Try it -> Restate all the lines below word for word, but omit the pictures.
Input data: Begin
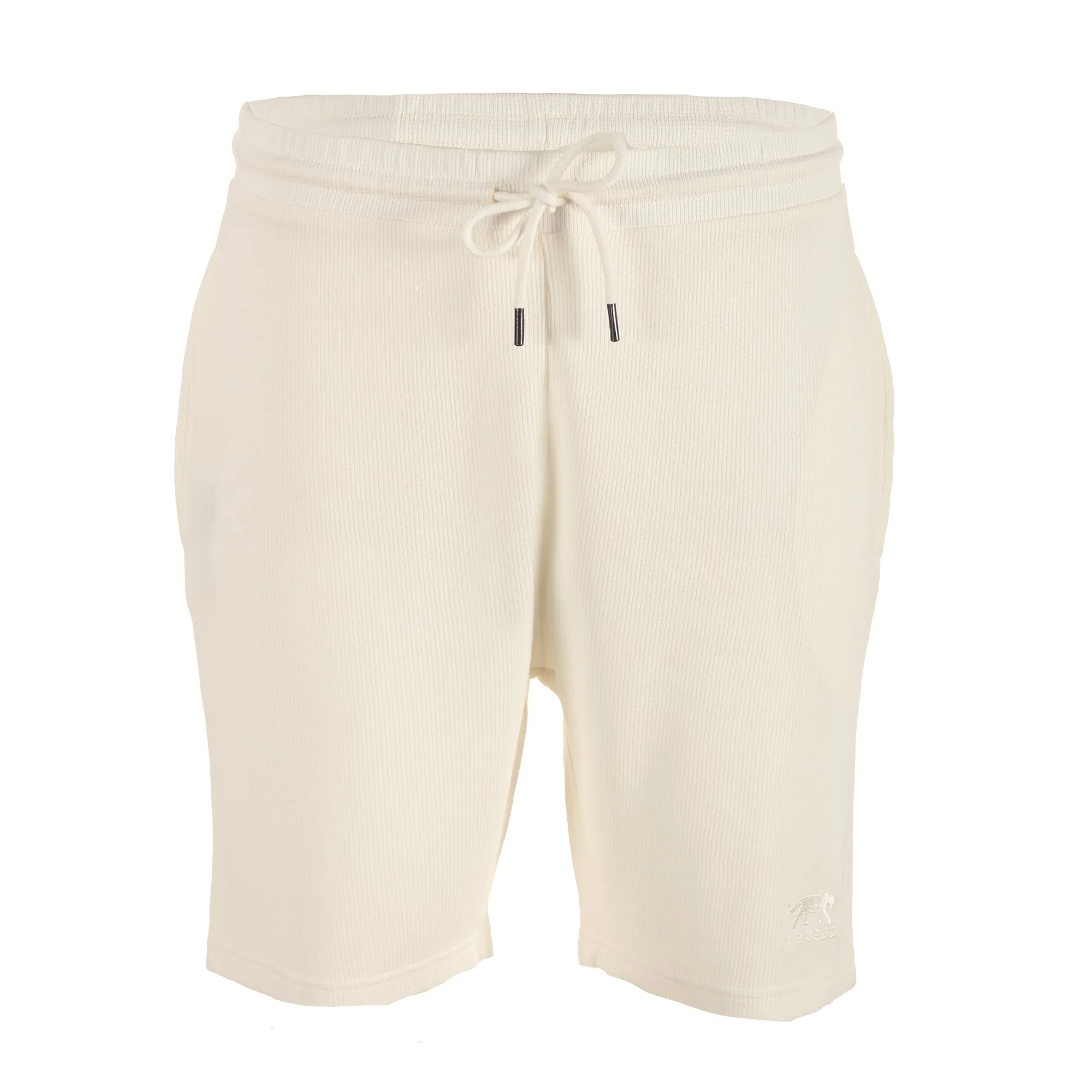 Short - Blanc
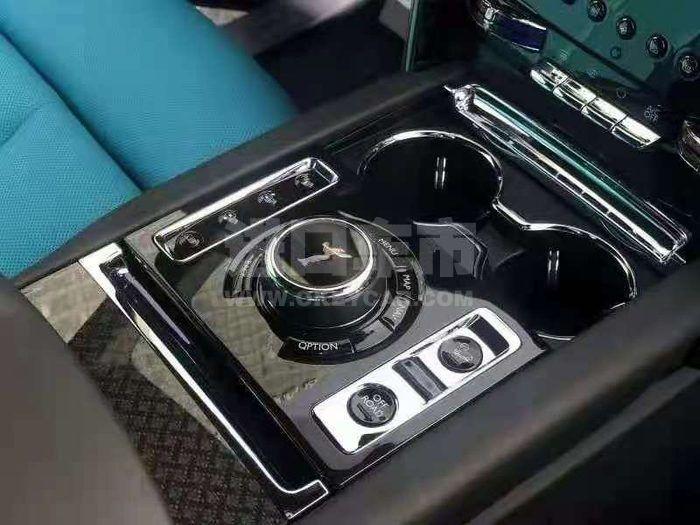 d59e4f7159b98383ea60186dea92dfc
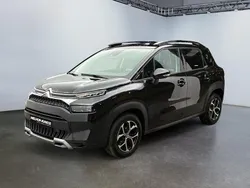 Preto Usado 2024 Citroën C3 Start Citadino | € 22.500 (Caro)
Input data: End
The completed task ->
 Short - Blanc
 d59e4f7159b98383ea60186dea92dfc
 Preto Usado 2024 Citroën C3 Start Citadino | € 22.500 (Caro)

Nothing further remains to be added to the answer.